--- What you should do ---
Every line of the listing should be retyped exactly, but none of the pictures should be.

--- Supplied information ---
________________________________________
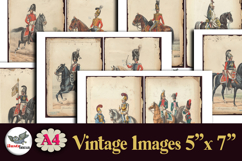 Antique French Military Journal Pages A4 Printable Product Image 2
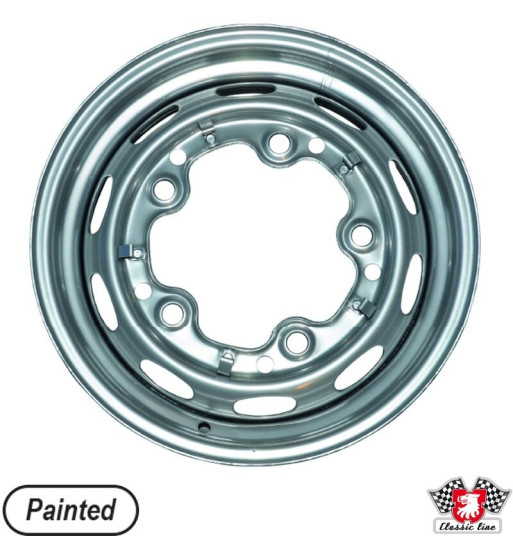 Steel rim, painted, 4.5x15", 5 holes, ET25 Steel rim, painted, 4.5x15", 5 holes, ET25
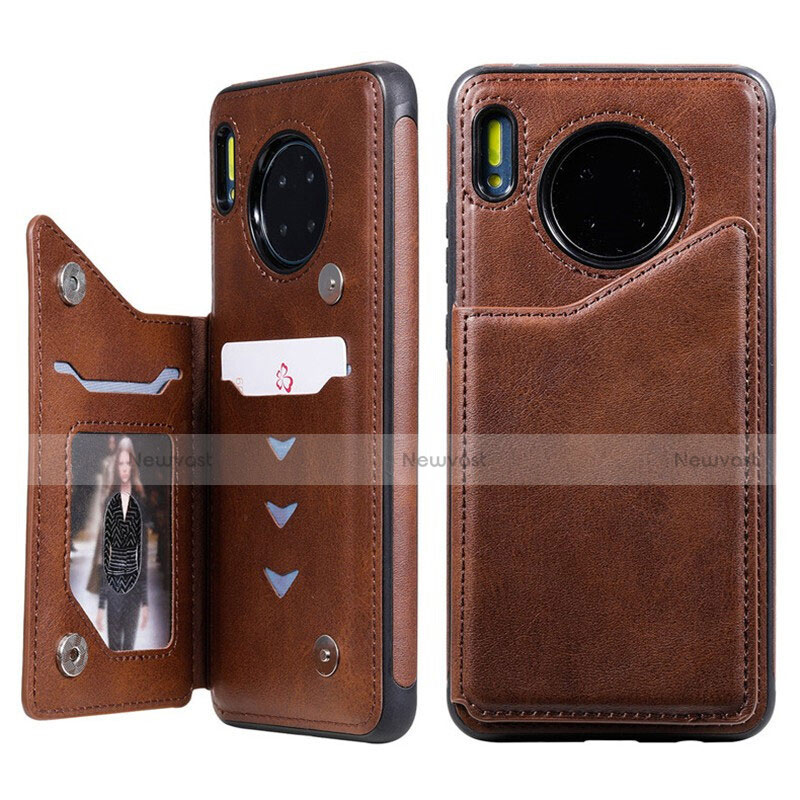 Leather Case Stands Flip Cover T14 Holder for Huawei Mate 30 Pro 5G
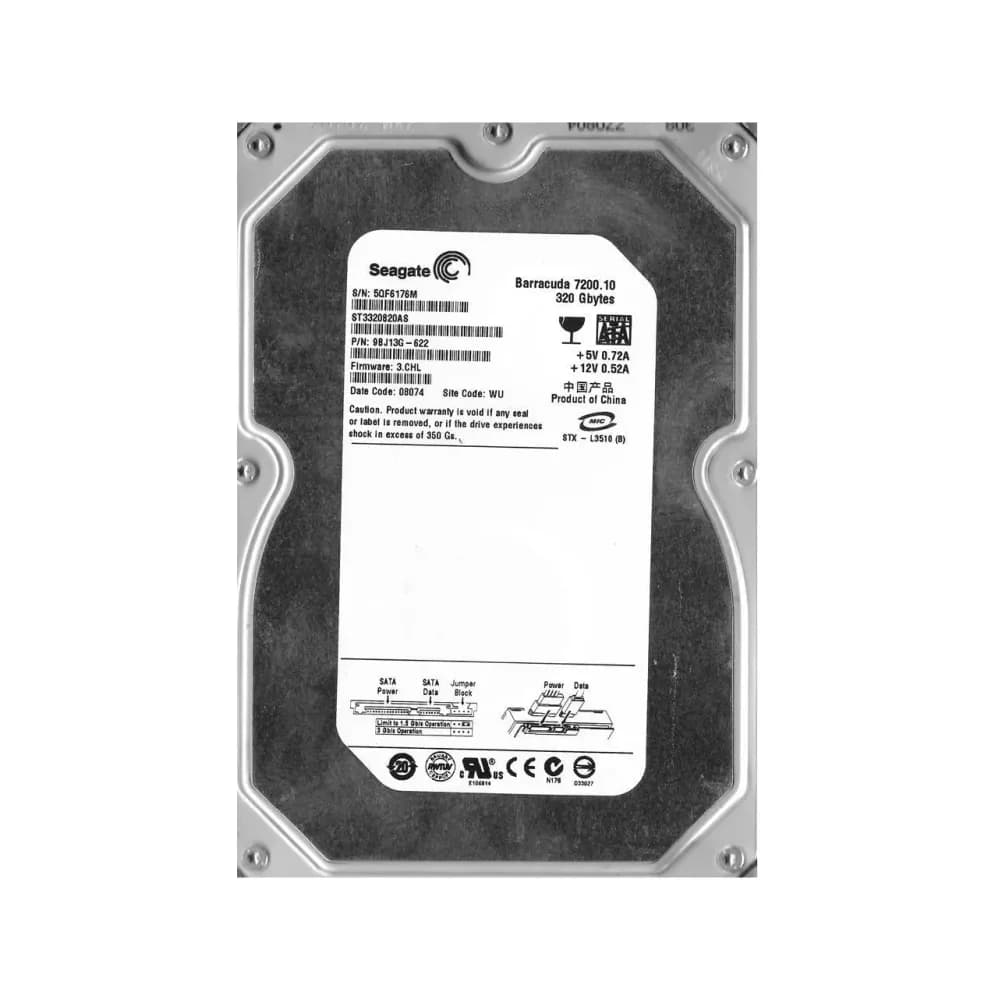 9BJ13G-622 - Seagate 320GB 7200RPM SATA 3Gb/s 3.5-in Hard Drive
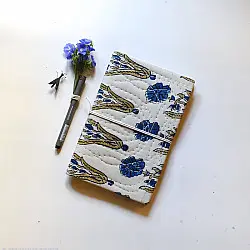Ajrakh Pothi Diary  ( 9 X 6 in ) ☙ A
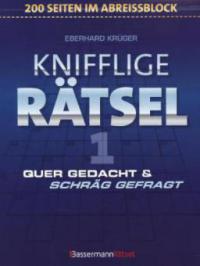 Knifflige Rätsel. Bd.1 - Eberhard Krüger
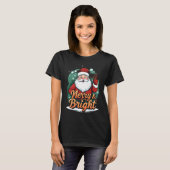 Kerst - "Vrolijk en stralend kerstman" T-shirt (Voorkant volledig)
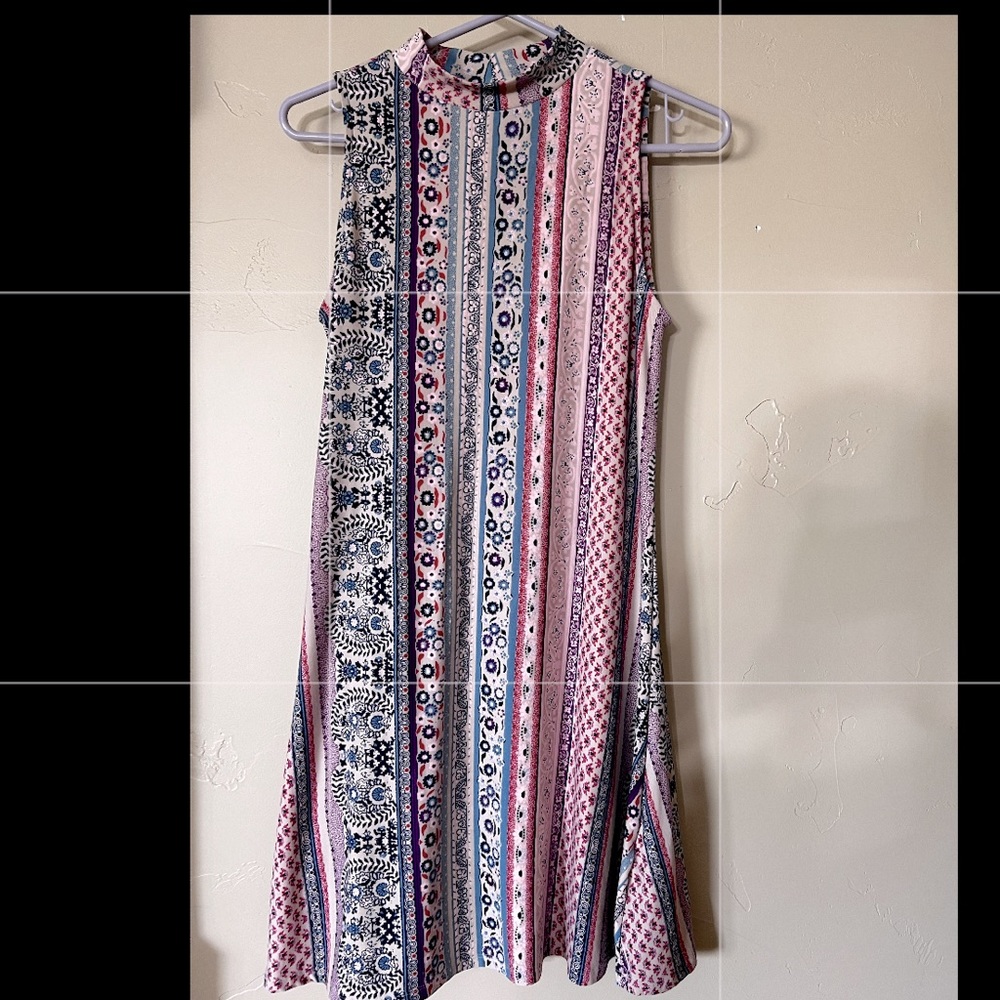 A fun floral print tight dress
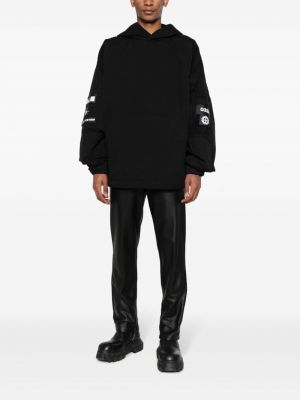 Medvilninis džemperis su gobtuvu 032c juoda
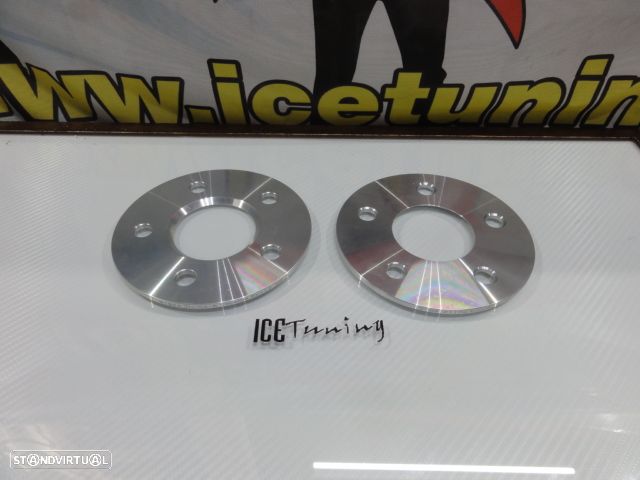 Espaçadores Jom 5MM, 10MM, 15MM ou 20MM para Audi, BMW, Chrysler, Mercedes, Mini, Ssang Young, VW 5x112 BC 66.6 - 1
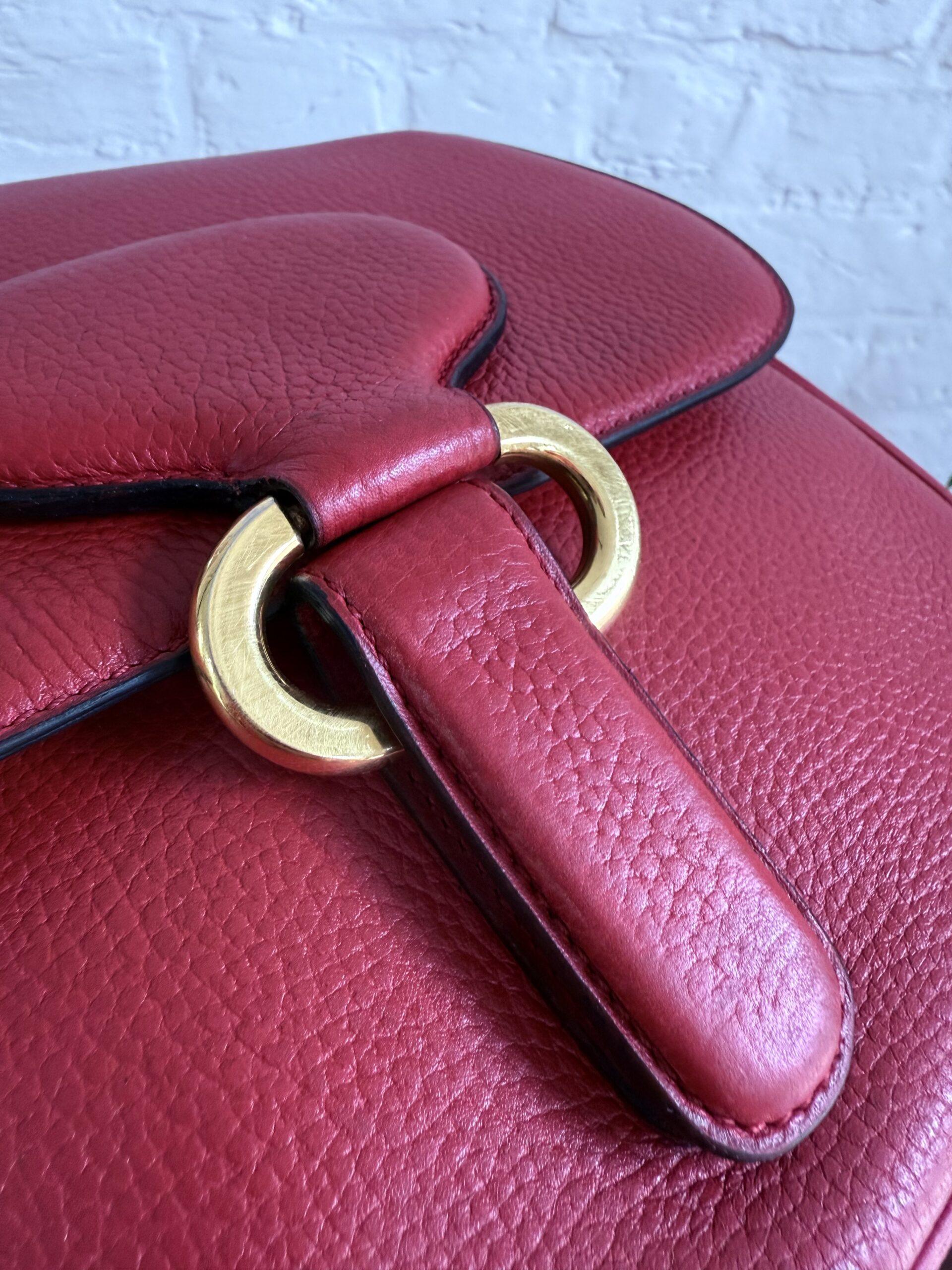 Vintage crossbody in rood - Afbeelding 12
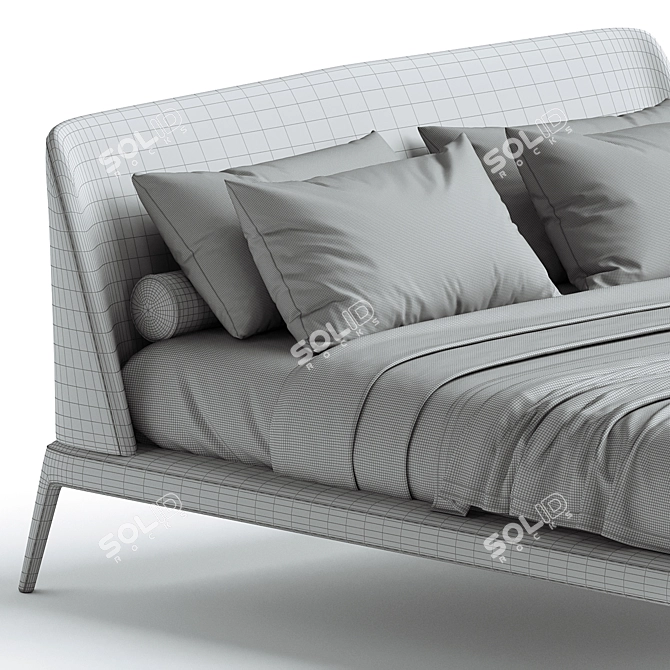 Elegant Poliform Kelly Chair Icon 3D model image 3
________________________________________
--- Result of this exercise ---
 Antique French Military Journal Pages A4 Printable Product Image 2
 Steel rim, painted, 4.5x15", 5 holes, ET25 Steel rim, painted, 4.5x15", 5 holes, ET25
 Leather Case Stands Flip Cover T14 Holder for Huawei Mate 30 Pro 5G
 9BJ13G-622 - Seagate 320GB 7200RPM SATA 3Gb/s 3.5-in Hard Drive
Ajrakh Pothi Diary  ( 9 X 6 in ) ☙ A
 Knifflige Rätsel. Bd.1 - Eberhard Krüger
 Kerst - "Vrolijk en stralend kerstman" T-shirt (Voorkant volledig)
 A fun floral print tight dress
 Medvilninis džemperis su gobtuvu 032c juoda
 Espaçadores Jom 5MM, 10MM, 15MM ou 20MM para Audi, BMW, Chrysler, Mercedes, Mini, Ssang Young, VW 5x112 BC 66.6 - 1
 Vintage crossbody in rood - Afbeelding 12
 Elegant Poliform Kelly Chair Icon 3D model image 3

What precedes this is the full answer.